2) Jay's earlier question of Brian's recommendations, CC vs Power Vs reliability
3) are the Capricorn liners out of the mix? What is the pricing differential of these to the 104.1 liners?
4) CAMS, Heads and Valve train pricing?
5) Head Porting - although for us in OZ I guess we source that locally
6) Jamie asked about chains, seals, guides etc..
From an ordering perspective only Q1, 2 and 3 are needed to finalise my requirements
regards
Mike
Crazy Week
There is still a couple of questions I have
1) What was the maximum stroke that was recommended for 3 rings on the pistons 82 or 82.4?
2) Jay's earlier question of Brian's recommendations, CC vs Power Vs reliability
3) are the Capricorn liners out of the mix? What is the pricing differential of these to the 104.1 liners?
4) CAMS, Heads and Valve train pricing?
5) Head Porting - although for us in OZ I guess we source that locally
6) Jamie asked about chains, seals, guides etc..
From an ordering perspective only Q1, 2 and 3 are needed to finalise my requirements
regards
Mike
1) 82mm with 3 ring setup
2) Although the stroke to rod length ratio is on the lower side the reliability will be good; you GT3 guys need the displacement to make more power.
3) Capricorn liners is an option but an expensive one. Will bump the price up a coupe of thousand.
4) Still working on the heads, cams, valve train pricing. Will let you know as soon as I find out.
5) Still working on the porting as well
6) I would recommend new OEM timing chains, seals, etc, which can be purchased at your local dealer. I can look into it later to find out if I can get a better price, than what you can locally.
I also am working on head studs. 2 options.
A) 12mm studs with 40mm threads into the cases like EVOMS. 12mm all the way through. The heads will have to be modified for these to work; holes made bigger.
b) Studs with 12mm threads on the case side but neck down to 10mm; just like the Champion studs; the ones Keyser posted. This way you will not have to modify the heads.
Both A and B studs will require machining, drilling and tapping to accept the 12mm threads; have to go deeper for the additional threads and larger to accept 12mm.
The turbo applications which will run a ton of boost and run 1000+ Hp will be the only ones that would need Studs A. Moderate boost turbos and, GT3\NA guys will not need anything more than Studs B. The head studs will be stronger than the head bolts anyway; especial when they go in 40mm deep instead of 25mm.
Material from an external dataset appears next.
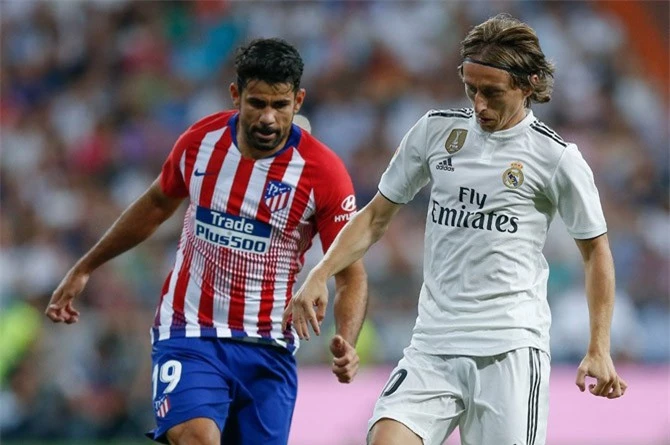 Modric (áo trắng) cùng các đồng đội không thể vượt qua Atletico.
2) Although the stroke to rod length ratio is on the lower side the reliability will be good; you GT3 guys need the displacement to make more power.
3) Capricorn liners is an option but an expensive one. Will bump the price up a coupe of thousand.
4) Still working on the heads, cams, valve train pricing. Will let you know as soon as I find out.
5) Still working on the porting as well
6) I would recommend new OEM timing chains, seals, etc, which can be purchased at your local dealer. I can look into it later to find out if I can get a better price, than what you can locally.
I also am working on head studs. 2 options.
A) 12mm studs with 40mm threads into the cases like EVOMS. 12mm all the way through. The heads will have to be modified for these to work; holes made bigger.
b) Studs with 12mm threads on the case side but neck down to 10mm; just like the Champion studs; the ones Keyser posted. This way you will not have to modify the heads.
Both A and B studs will require machining, drilling and tapping to accept the 12mm threads; have to go deeper for the additional threads and larger to accept 12mm.
The turbo applications which will run a ton of boost and run 1000+ Hp will be the only ones that would need Studs A. Moderate boost turbos and, GT3\NA guys will not need anything more than Studs B. The head studs will be stronger than the head bolts anyway; especial when they go in 40mm deep instead of 25mm.
Hi Adam
I'm in
104.1 x 82
Coatings – All : Pistons, Main Bearing, Rod Bearing
Crank – Gun barrel drilled and knife edged
Preassembled too
Compression target around 13:1
regards
Mike
I'm in
104.1 x 82
Coatings – All : Pistons, Main Bearing, Rod Bearing
Crank – Gun barrel drilled and knife edged
Preassembled too
Compression target around 13:1
regards
Mike
I love to see this rolling forward. In for updates!